**Your assignment**.
Write out the material below again, line for line, without any images.

**Supplied material**.
---*---
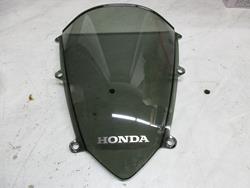 Windschild CBR600RR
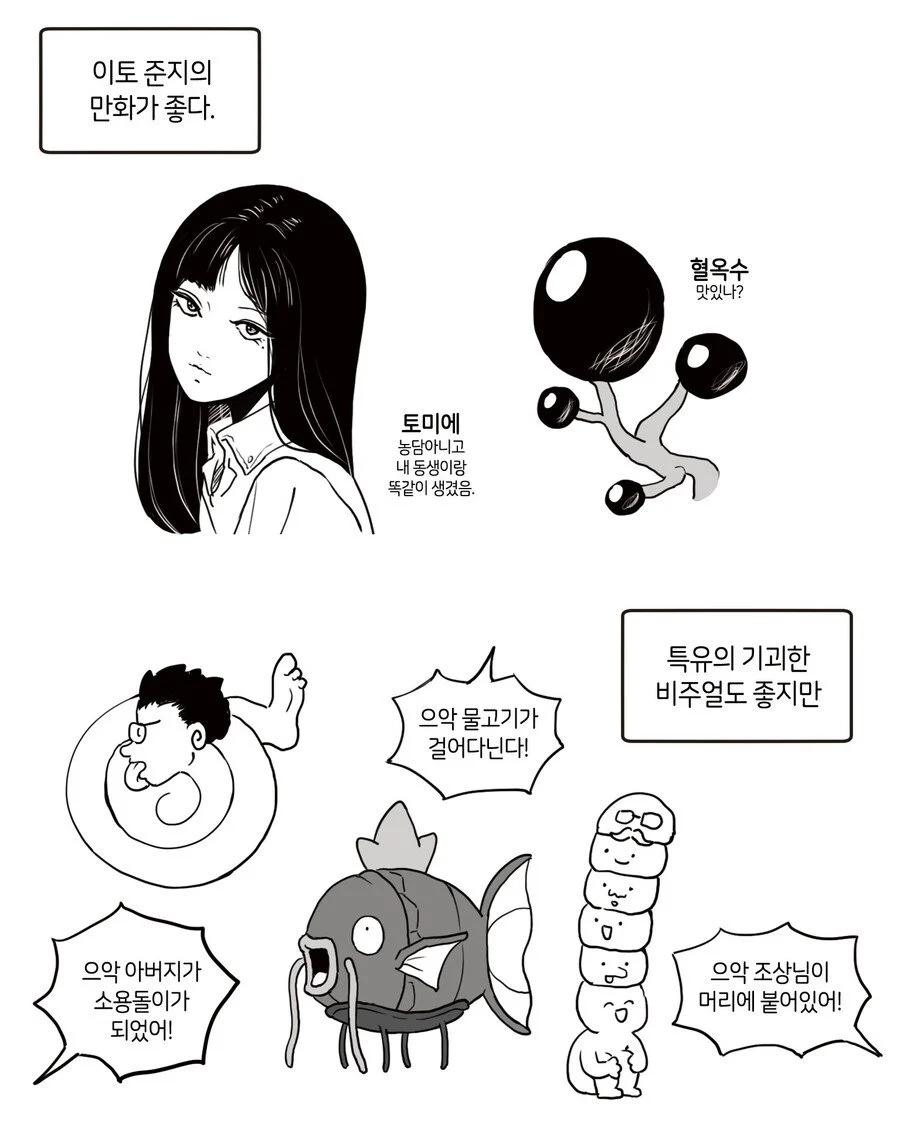 이토준지식 반응_1.webp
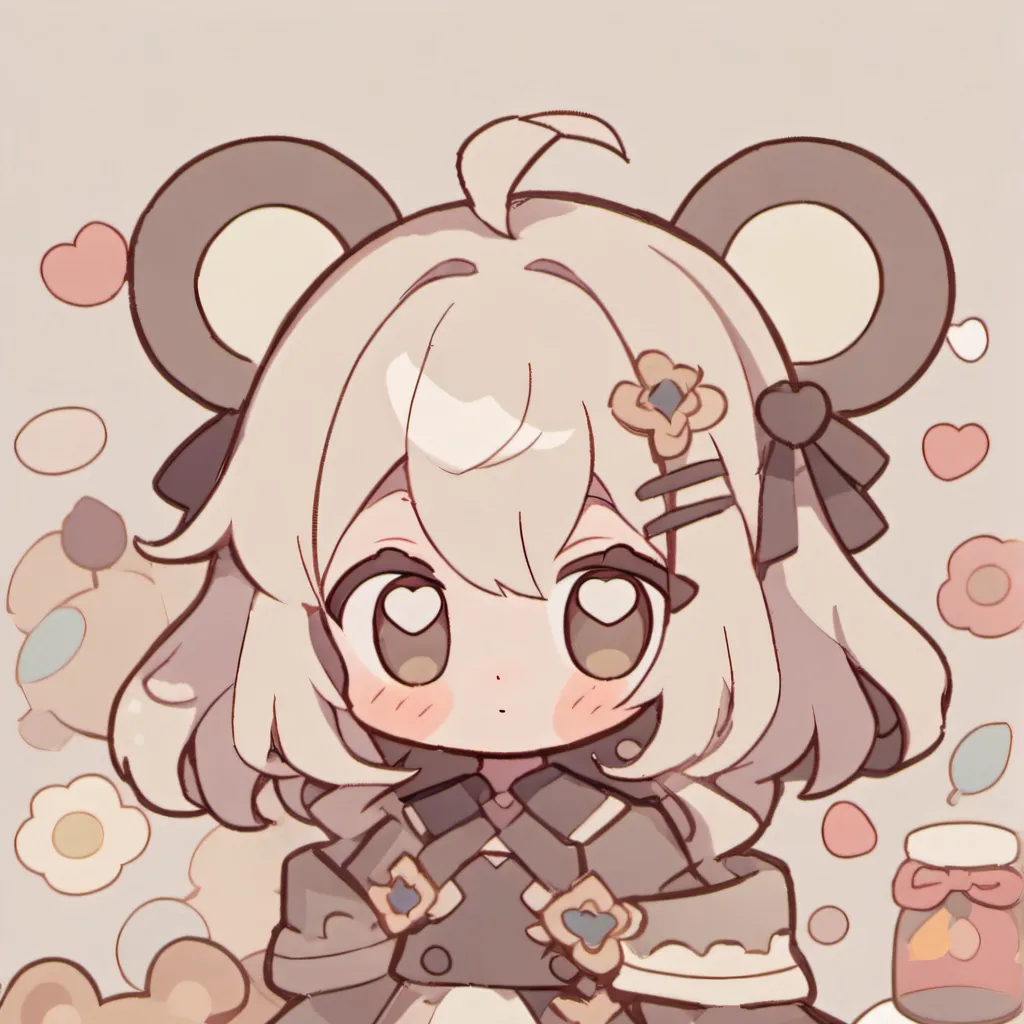 chat with ai character: Minsung🥰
---*---
**Task response**.
 Windschild CBR600RR
 이토준지식 반응_1.webp
 chat with ai character: Minsung🥰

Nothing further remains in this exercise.